Business Europe Technology

Pemberton, a female founded nature positive AI start-up, today announces it has secured funding for an e800,000, 18-month project to demonstrate a new mathematical model based on fractals, the Duckworth Lewis Method and the complex interactions between large multidimensional datasets that hold information on our planet.

The project is being co-funded by the European Space Agency under ARTES 4.0 Business Applications – Space Solutions. University College London is supporting the publication of a number of journal articles to present the model formally.

The model extends beyond black box theory to unlock total control and transparency across scale or resolution. This approach includes a system of signal processing based on predictive algorithms for animal communication.

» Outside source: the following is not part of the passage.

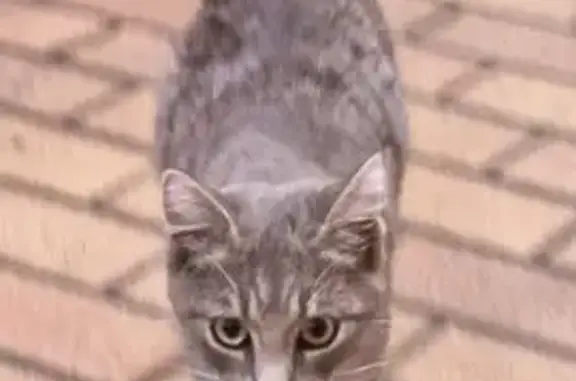 Chat gris câlin trouvé à Villejuif - photo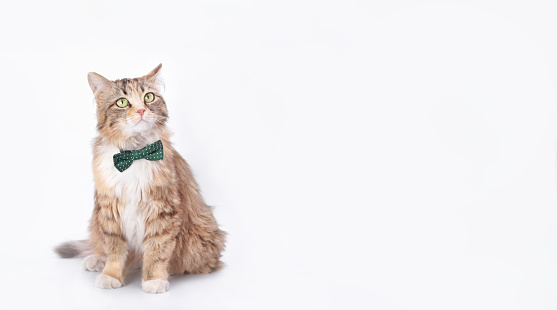 Portrait of a Cat with a green butterfly on a light background. Animal background. Isolated Kitten in on white background. Beautiful funny Kitten with a red bow tie. Cat posing at camera. Animal theme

Ordnance Survey and Sainsbury’s are working closely with Pemberton to demonstrate mapping products and incorporate Pemberton’s biodiversity monitoring system into sustainability development outcomes. This is being done with the help of landowners across the UK to ground-truth the model with extensive ecological surveys. The model has been built to maximise transparency across sensor systems, field surveys, climate metrics and scientific research to truly understand nature over space and time.

This breakthrough in automated data processing is likely to have applications beyond the environmental sector. The current model leverages geospatial data, remote sensors, field surveys, and a selection of open-source climate monitoring resources.

It has already been tested in terrestrial habitats during a project funded by the European Union, which was later awarded as the Best Feasibility study by the with the European Space Agency for 2022.